A verbatim copy of every record is required, and no pictures should be included.

(Image-text web data)
»»

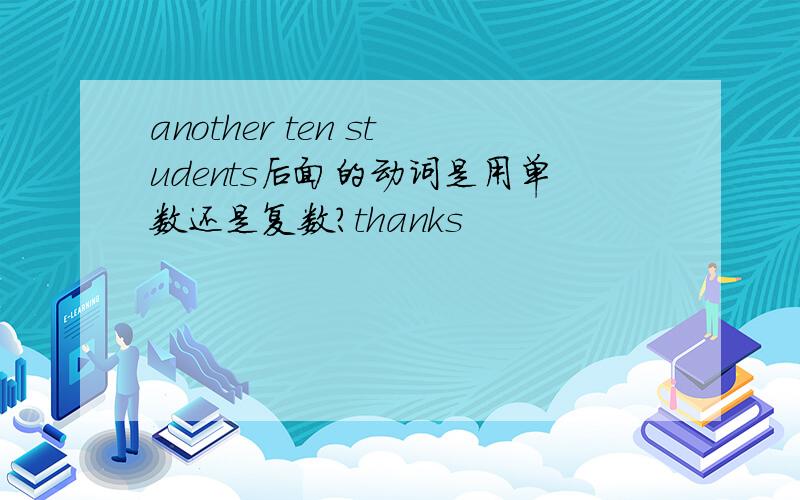 another ten students后面的动词是用单数还是复数?thanks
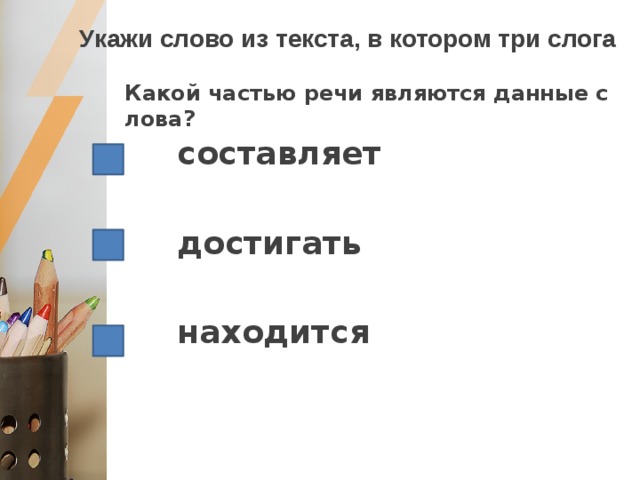 Укажи слово из текста, в котором три слога Какой частью речи являются данные слова? составляет  достигать  находится 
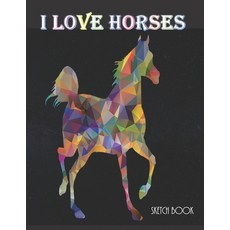 (영문도서) I Love Horses Sketchbook: Gift for Horse Lover large 8.5 x 11 pages with Horseshoe Motif for ... Paperback, Independently Published, English, 9781689919586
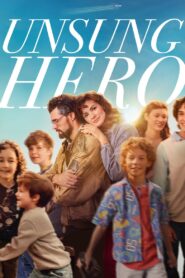 Unsung Hero 2024 one on netflix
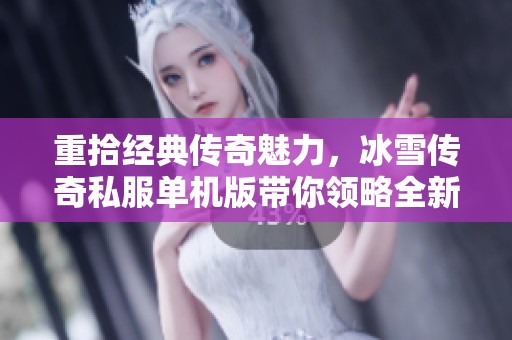 重拾经典传奇魅力，冰雪传奇私服单机版带你领略全新游戏体验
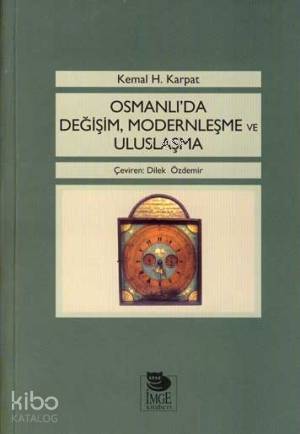 Osmanlı da Değişim Modernleşme ve Uluslaşma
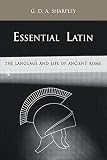 Sharpley, G. D. A.: Essential Latin: The Language and Life of Ancient Rome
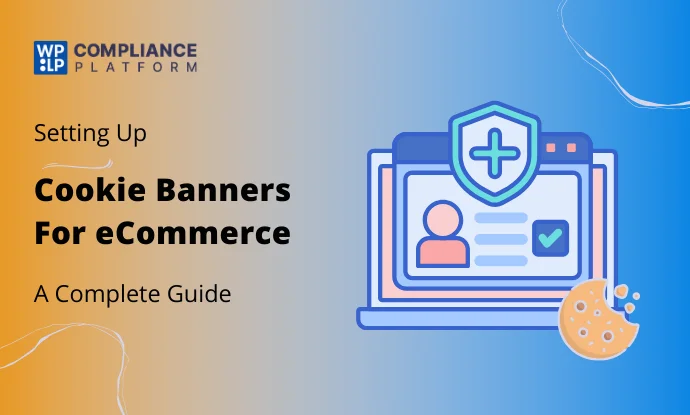 COOKIE BANNERS FOR eCOMMERCE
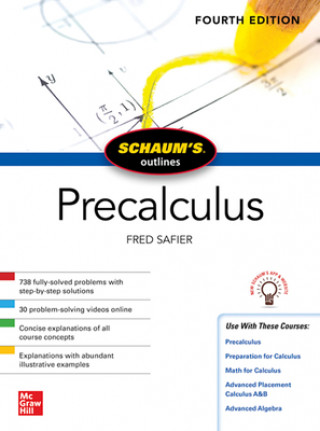 Könyv Schaum's Outline of Precalculus, Fourth Edition Fred Safier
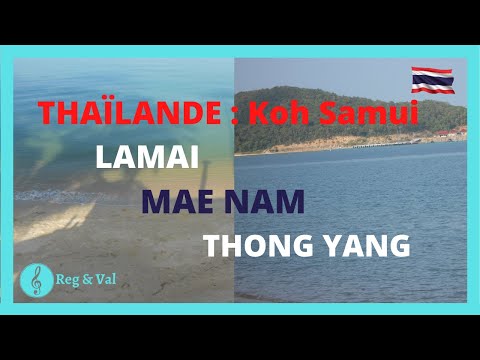 Thaïlande : Koh SAMUI ; LAMAI, MAE NAM, THONG YANG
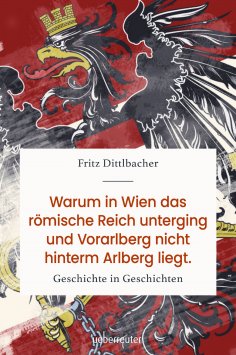 eBook: Warum in Wien das römische Reich unterging und Vorarlberg nicht hinterm Arlberg liegt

««

• _Exercise result_
 another ten students后面的动词是用单数还是复数?thanks
 Укажи слово из текста, в котором три слога Какой частью речи являются данные слова? составляет  достигать  находится 
 (영문도서) I Love Horses Sketchbook: Gift for Horse Lover large 8.5 x 11 pages with Horseshoe Motif for ... Paperback, Independently Published, English, 9781689919586
 Unsung Hero 2024 one on netflix
 重拾经典传奇魅力，冰雪传奇私服单机版带你领略全新游戏体验
 Osmanlı da Değişim Modernleşme ve Uluslaşma
 Sharpley, G. D. A.: Essential Latin: The Language and Life of Ancient Rome
 COOKIE BANNERS FOR eCOMMERCE
 Könyv Schaum's Outline of Precalculus, Fourth Edition Fred Safier
 Thaïlande : Koh SAMUI ; LAMAI, MAE NAM, THONG YANG
 eBook: Warum in Wien das römische Reich unterging und Vorarlberg nicht hinterm Arlberg liegt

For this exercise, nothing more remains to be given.